Lola a été déboutée en première instance, mais la Cour d'appel du Québec lui a donné partiellement raison, en 2010. Oui pour la pension alimentaire. Non pour le partage du patrimoine familial.

Une onde de choc a alors traversé le Québec où la moitié des couples vivent en union libre. En fait, le Québec est le champion canadien de l'union libre, ce qui est assez ironique puisque c'est ici que les conjoints de fait sont les moins bien protégés en cas de rupture. Mais les choses pourraient changer...

Si je me fie aux avocats qui ont assisté aux auditions en Cour suprême, en janvier dernier, le droit de demander une pension alimentaire devrait être maintenu.

Avec un peu de recul, la situation du Québec a plutôt l'air d'une anomalie. Dans toutes les autres provinces canadiennes, les conjoints de fait ont une obligation alimentaire après deux ou trois ans de vie commune (un an s'ils ont un enfant). Et même au Québec, il n'y a plus de différence entre les conjoints de fait et les gens mariés dans la plupart des lois (impôts, rentes, etc.).

Pourquoi en serait-il autrement avec la pension alimentaire?

En réalité, la situation des conjoints de fait qui vivent ensemble depuis de longues années, surtout ceux qui ont des enfants, n'est pas différente de celles des couples mariés. Si un déséquilibre financier est né de cette union, il me semble assez normal que le conjoint le plus fortuné ne laisse pas son ex dans la misère après une séparation.

Mais attention, cela ne veut pas dire qu'on a le droit de mener un train de vie princier sur le bras de son ex-conjoint, ad vitam aeternam.

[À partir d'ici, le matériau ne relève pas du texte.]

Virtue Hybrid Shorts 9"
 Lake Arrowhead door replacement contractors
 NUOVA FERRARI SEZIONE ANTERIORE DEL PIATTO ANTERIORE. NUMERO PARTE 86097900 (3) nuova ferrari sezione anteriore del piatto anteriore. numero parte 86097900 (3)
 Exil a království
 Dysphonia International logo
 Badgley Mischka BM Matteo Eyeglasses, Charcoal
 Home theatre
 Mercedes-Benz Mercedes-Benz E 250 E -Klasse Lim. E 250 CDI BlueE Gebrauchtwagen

Pas du tout.

Même si les conjoints de fait obtiennent le droit de réclamer une pension alimentaire, il ne faut pas penser qu'un juge va l'accorder instantanément à tout le monde. Pour avoir droit aux «aliments», il faut vraiment qu'un conjoint se retrouve dans le besoin, ce qui est plus rare dans les jeunes familles d'aujourd'hui dont les deux parents sont souvent sur le marché du travail.

Si vous gagnez 75 000$ par année, ne pensez pas obtenir une pension de votre ex-conjoint, même s'il gagne 300 000$. L'objectif d'une pension alimentaire est de donner le temps au conjoint défavorisé de retrouver son autonomie financière, et non pas d'égaliser le niveau de vie des ex-conjoints, comme Lola le voudrait.

Elle n'est pas la seule. Beaucoup de parents moins fortunés craignent que leurs enfants préfèrent vivre avec leur ex-conjoint, parce qu'il est capable de leur payer plus de luxe. Leur préoccupation est peut-être fondée, mais les avocats en droit de la famille tomberaient en bas de leur chaise si la Cour suprême allait dans cette direction.

Idem pour le partage du patrimoine familial. Il serait surprenant que la Cour suprême change les règles du jeu.

Peu de provinces imposent aux conjoints de fait les mêmes règles de partage du patrimoine qui s'appliquent aux couples mariés. Plusieurs provinces préfèrent donner le choix aux conjoints d'adopter le même régime que les couples mariés, en enregistrant volontairement leur union.

Au Québec, les conjoints qui le souhaitent peuvent faire un copier-coller de la loi sur le patrimoine familial en rédigeant un contrat de vie commune. Un must, disons-le, pour tous ceux qui dépendent de leur conjoint de fait pour vivre.

En fait, Québec a toujours préféré laisser le libre choix aux conjoints de fait, au détriment d'une meilleure protection pour les conjoints démunis.

La Cour suprême pourrait-elle changer la donne? Ce serait pour le moins radical. Et cela irait à l'encontre de sa propre décision rendue en 2002. Dans l'arrêt Walsh, le tribunal avait refusé le partage des biens à des conjoints de fait en Nouvelle-Écosse.

Mais rien n'est impossible. Si la Cour suprême décide maintenant que les conjoints de fait sont victimes de discrimination pour la pension alimentaire, pourquoi pas pour le partage des biens aussi? J'entends déjà rugir les détracteurs de la loi sur le patrimoine familial qui ne l'ont pas digéré depuis 1989.

Remarquez que l'Assemblée nationale aurait ensuite tout le loisir de moderniser sa loi sur le patrimoine, si on juge qu'elle n'est plus adaptée au contexte actuel, et de le faire pour tous les couples, sans discrimination.

Mais disons que je ne miserais pas sur ce scénario. De toute façon, on aura l'heure juste à 10 h.